Un peintre qui se situe toujours entre deux pôles, la vie et la mort. Photo Michel Sayegh
Né à Damas, Marwan Qassab Bachi, dit Marwan, commence à être paysagiste et portraitiste avant d’aborder des questions sociales concernant son pays. Après des études de beaux-arts à Berlin en 1958, sa peinture se libère et s’ouvre à de nouveaux horizons. L’artiste connaîtra plusieurs étapes dans sa vie, «chacune comme une source menant à un fleuve et ces fleuves menant à la mer», dira-t-il. Si dans la première époque thématique Marwan croque des personnes isolées ou des couples qui expriment une solitude étrange mais spirituelle, il va par la suite utiliser son propre visage comme paysage. Il glissera ainsi en douceur du figuratif à l’abstraction.
De l’architecture...
Après plusieurs galeries libanaises qu’il a fréquentées, c’est cette fois au tour du Beirut Exhibition Center de s’intéresser à cette période charnière des années 60-70 qui constituent comme le «compost» à sa peinture à la fois une et multiple. Car malgré la diversité de ses œuvres, ce sont les têtes qui occupent la plus grande place sur l’espace pictural de Marwan et qui deviennent un médium en soi, s’insérant organiquement dans la toile.
Se situant toujours entre deux pôles, la vie et la mort, le peintre se dit toujours dans cette recherche de soi, même si sa peinture est figurative.

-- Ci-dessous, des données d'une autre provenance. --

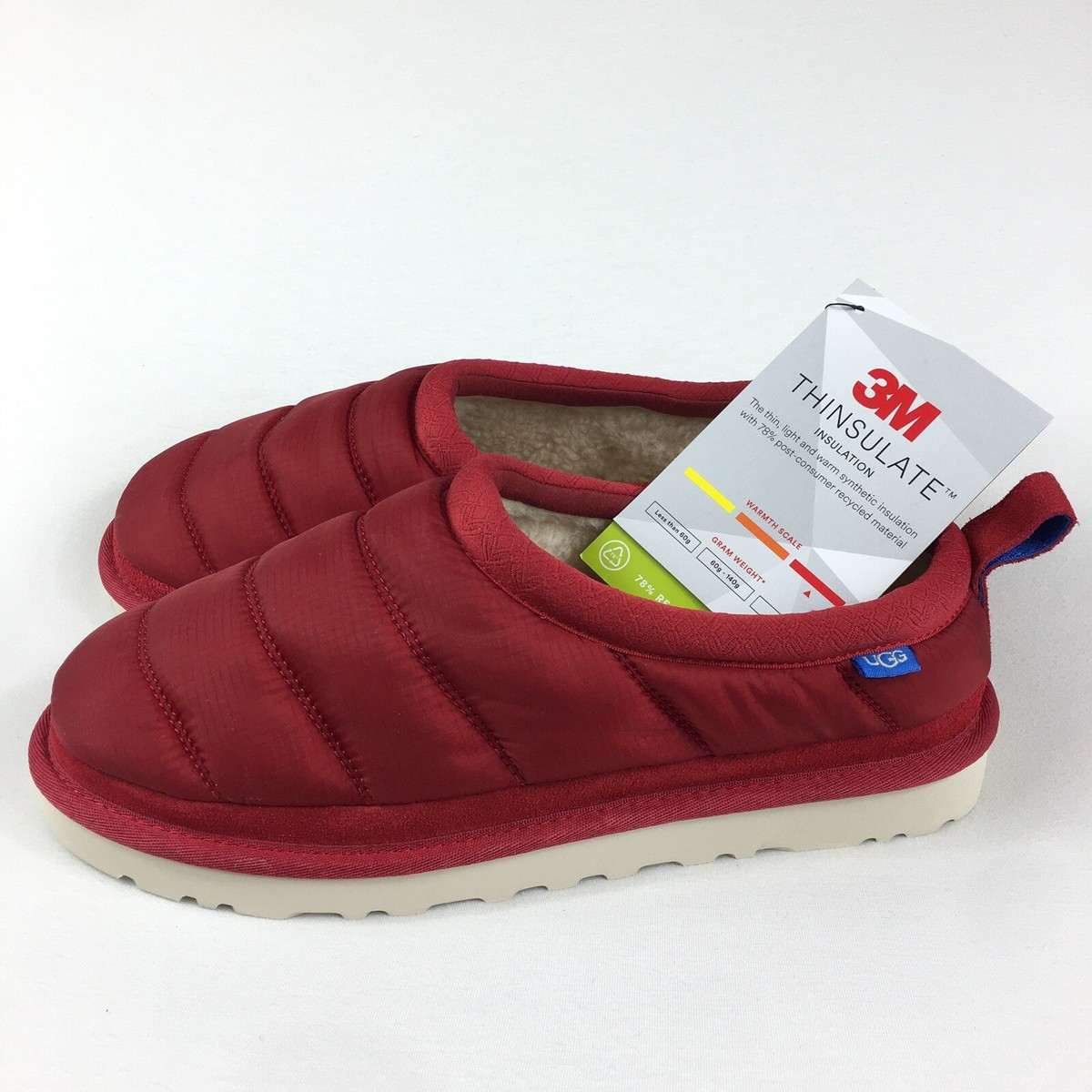 UGG Tasman LTA Mens Size 9 Red Nylon Slip On Slipper Shoes  display picture 2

Ses œuvres, déclinant dans des teintes qui vont de la couleur terre au sable, évoquent ce côté de la Méditerranée – «ce sont des couleurs issues de ma mémoire». Car si l’artiste s’est installé en Allemagne (et y a enseigné aussi) depuis plus de quarante ans, il reste néanmoins très attaché à ses racines qu’il ne renie pas, mais qu’il revendique plutôt fortement. Sa palette donc prend source dans cette partie du Moyen-Orient et s’y inspire constamment.
Pour ses «têtes», elles
peuvent paraître semblables pour certains mais, à y regarder de plus près, elles permettent des questionnements multiples. «Ma toile est toujours animée par la question», confie l’artiste. «Parfois j’emploie des figures célèbres et d’autres fois j’utilise la mienne tout en ne retenant que l’expression ou certains traits. Ce ne sont donc pas des autoportraits», précise-t-il.

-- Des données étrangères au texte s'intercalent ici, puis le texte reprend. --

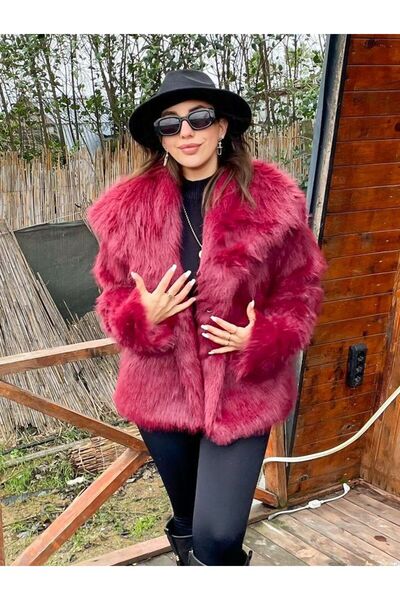 sinemkivanc co İçi Astarlı Premium bordo kürk ceket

Marwan n’est pas simplement un peintre, c’est un architecte de la peinture. Tant dans la perspective ou les angles qu’il prend que dans la construction de l’œuvre. Il existe toujours chez lui une tension, tout comme dans le courant allemand. Une tension que l’artiste relève par un petit détail qui capte l’œil et le retient. Les thèmes de la vie, de la mort, mais aussi du couple et du sexe sont souvent évoqués dans ses toiles. Ici, un personnage au regard mélancolique avale la toile. Et là, un autre couple aux mains qui se cherchent, aux pieds qui s’entremêlent. Inquiétude, angoisse, mais aussi plaisir et joie y sont décryptés en différentes teintes. La toile devient tout d’un coup un espace où l’artiste installe sa «mise en scène». Le corps, parfois tronqué, à deux membres ou trois, s’efface même devant le visage qui devient une page de lecture.
Ce visage qui, peu à peu, phagocytera la toile en occupant tout l’espace. On y croit deviner des montagnes, des plaines et même des mers. Une surdimension de l’homme que Marwan questionnera tout le temps, comme si par ses œuvres et tout au long de sa mémoire l’artiste installe un fil d’Ariane qui mènera à sa «toile».